- **Task objective**
The entries that follow need to be printed exactly as they are, minus any pictures.

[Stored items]
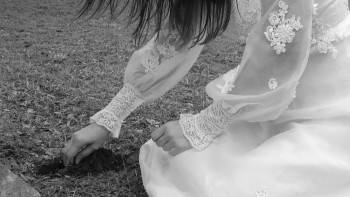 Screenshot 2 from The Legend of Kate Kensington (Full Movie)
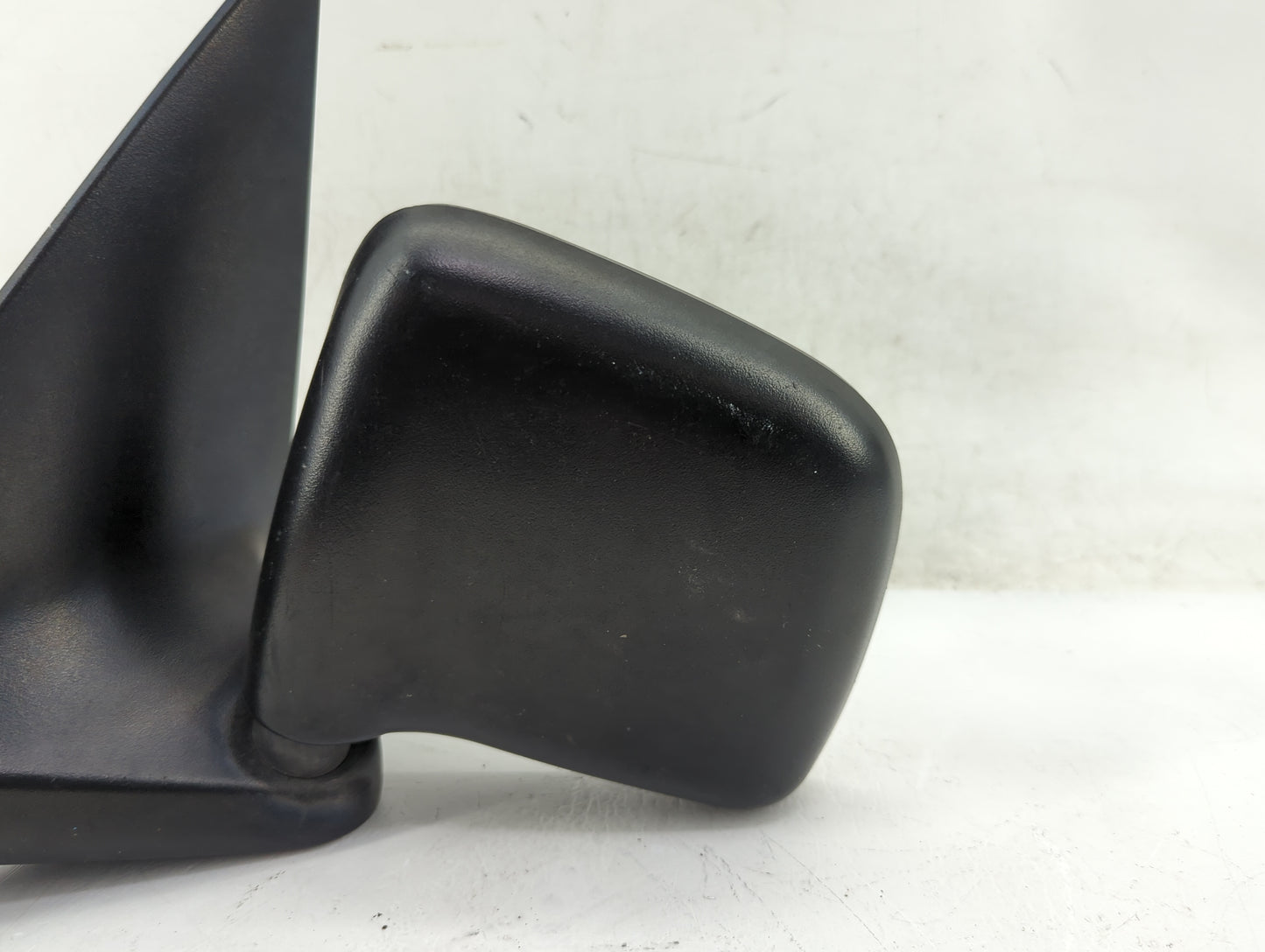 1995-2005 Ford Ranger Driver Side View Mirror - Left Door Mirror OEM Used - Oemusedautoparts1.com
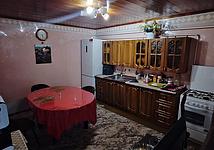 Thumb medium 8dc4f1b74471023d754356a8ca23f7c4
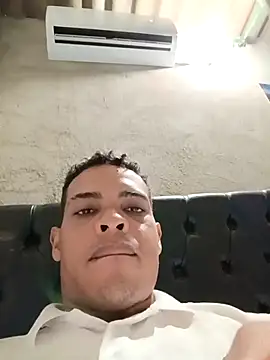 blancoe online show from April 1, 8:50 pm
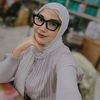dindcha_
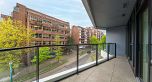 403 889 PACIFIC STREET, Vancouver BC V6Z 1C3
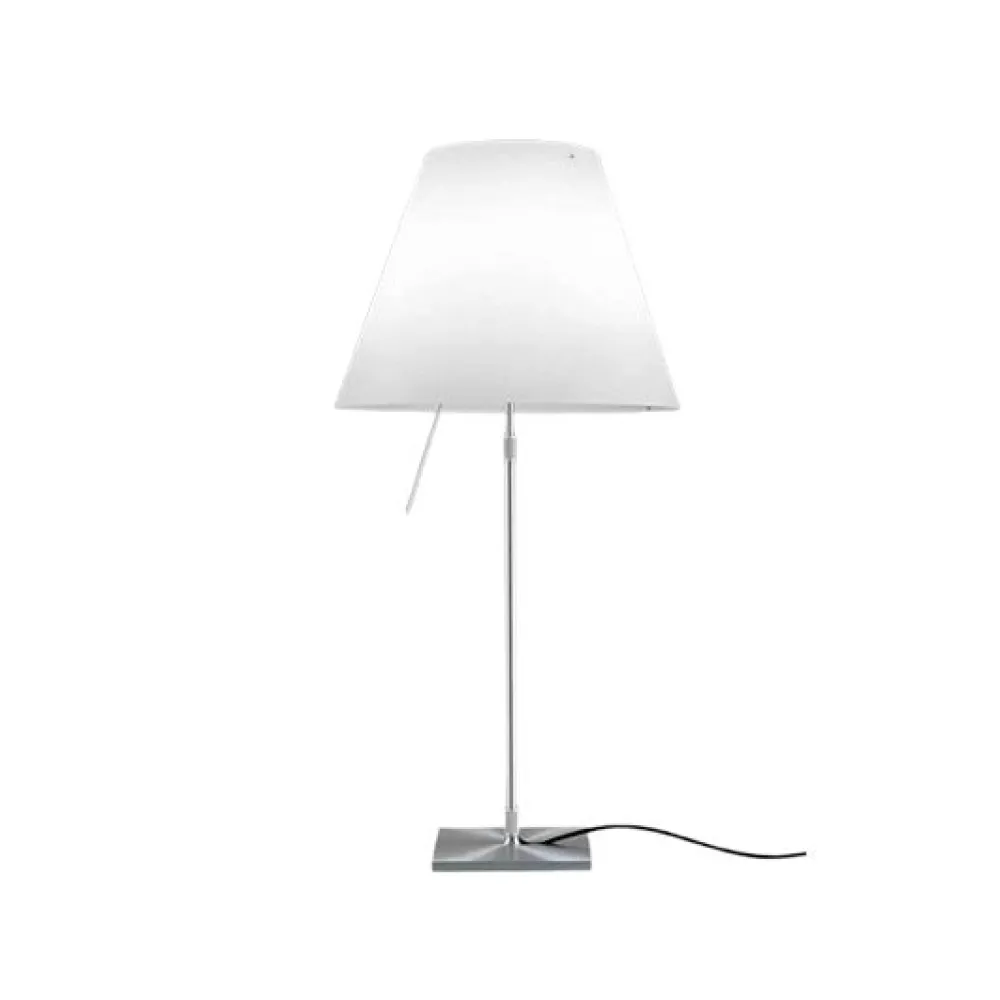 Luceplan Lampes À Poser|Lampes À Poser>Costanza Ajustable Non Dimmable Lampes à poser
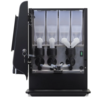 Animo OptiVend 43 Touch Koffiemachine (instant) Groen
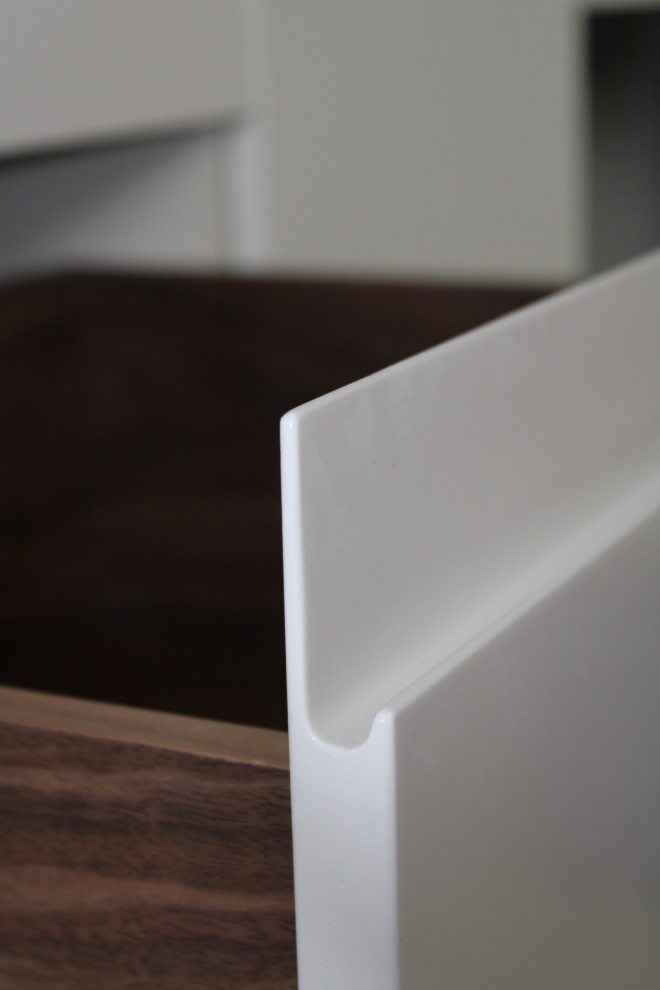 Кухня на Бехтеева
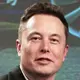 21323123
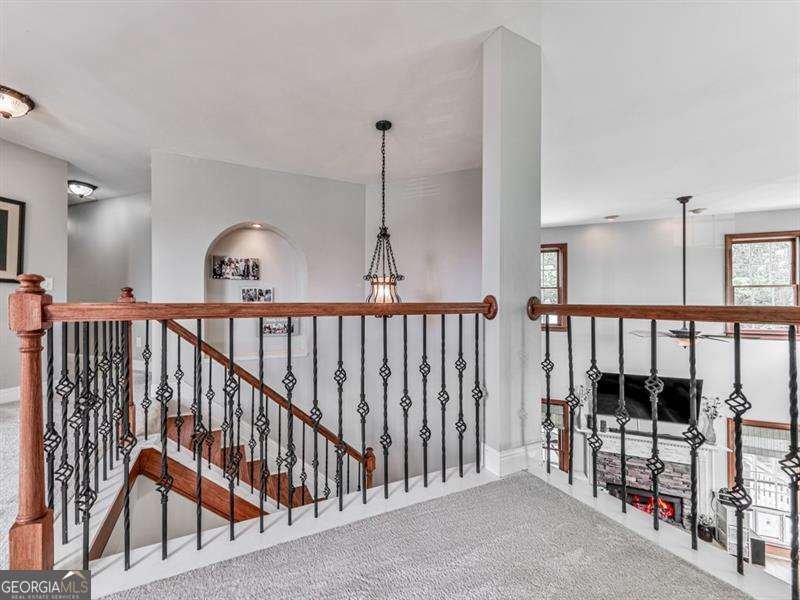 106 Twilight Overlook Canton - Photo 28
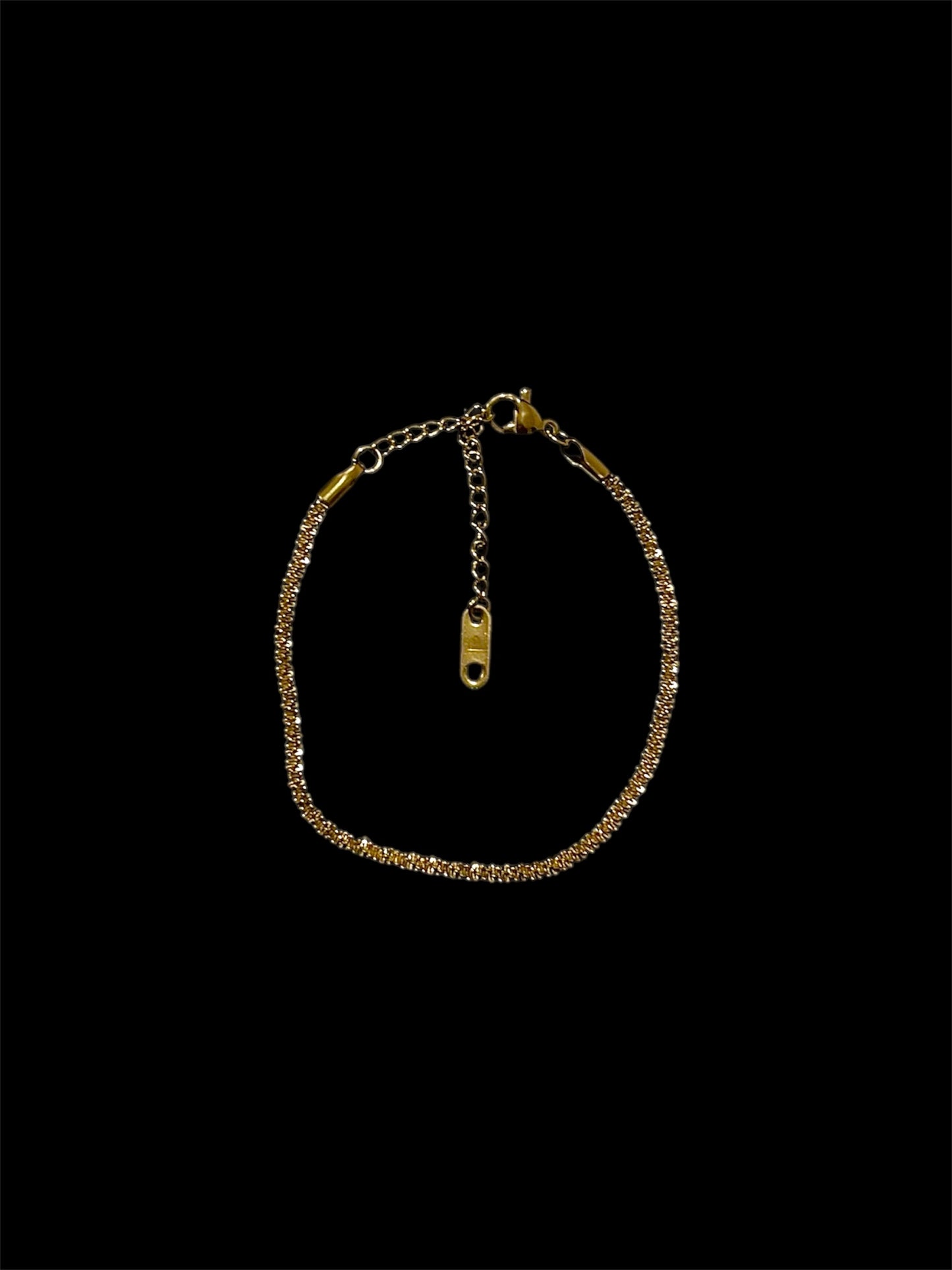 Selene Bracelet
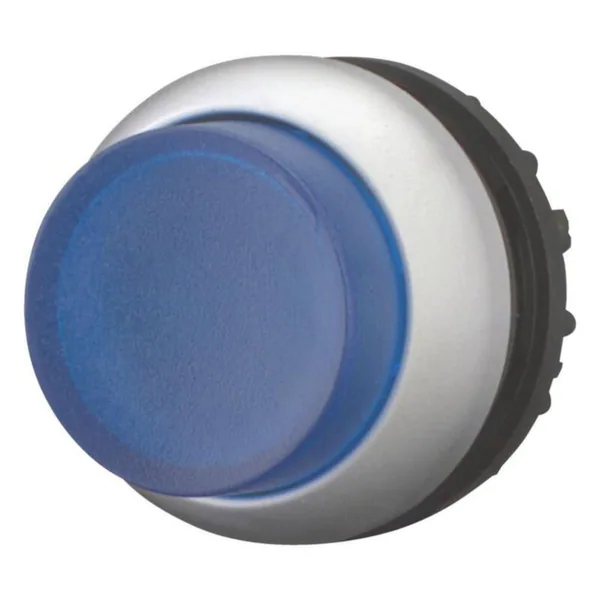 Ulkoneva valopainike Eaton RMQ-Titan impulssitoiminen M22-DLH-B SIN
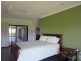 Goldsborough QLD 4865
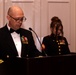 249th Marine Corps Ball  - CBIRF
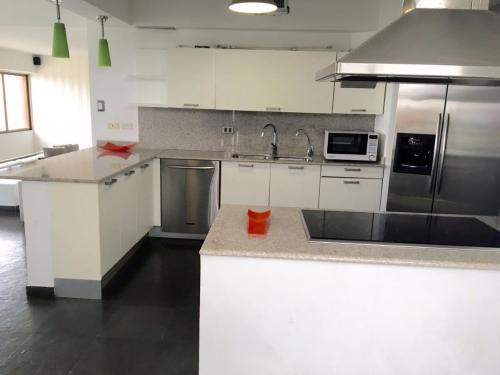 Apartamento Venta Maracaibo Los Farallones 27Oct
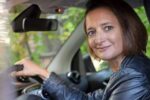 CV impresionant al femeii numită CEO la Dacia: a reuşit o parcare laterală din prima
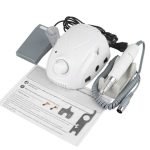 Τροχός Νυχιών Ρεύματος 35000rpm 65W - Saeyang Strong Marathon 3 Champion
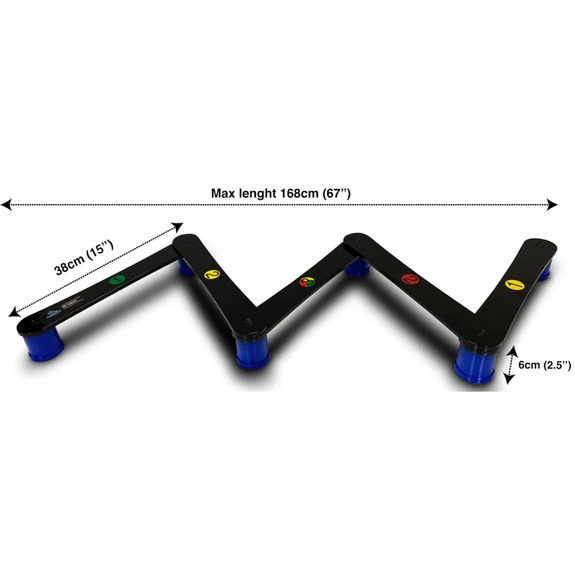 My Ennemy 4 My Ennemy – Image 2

- **Result of this task**
 Screenshot 2 from The Legend of Kate Kensington (Full Movie)
 1995-2005 Ford Ranger Driver Side View Mirror - Left Door Mirror OEM Used - Oemusedautoparts1.com
 Thumb medium 8dc4f1b74471023d754356a8ca23f7c4
 blancoe online show from April 1, 8:50 pm
dindcha_
 403 889 PACIFIC STREET, Vancouver BC V6Z 1C3
 Luceplan Lampes À Poser|Lampes À Poser>Costanza Ajustable Non Dimmable Lampes à poser
 Animo OptiVend 43 Touch Koffiemachine (instant) Groen
 Кухня на Бехтеева
 21323123
 106 Twilight Overlook Canton - Photo 28
 Selene Bracelet
 Ulkoneva valopainike Eaton RMQ-Titan impulssitoiminen M22-DLH-B SIN
 Goldsborough QLD 4865
 249th Marine Corps Ball  - CBIRF
 Apartamento Venta Maracaibo Los Farallones 27Oct
 CV impresionant al femeii numită CEO la Dacia: a reuşit o parcare laterală din prima
 Τροχός Νυχιών Ρεύματος 35000rpm 65W - Saeyang Strong Marathon 3 Champion
 My Ennemy 4 My Ennemy – Image 2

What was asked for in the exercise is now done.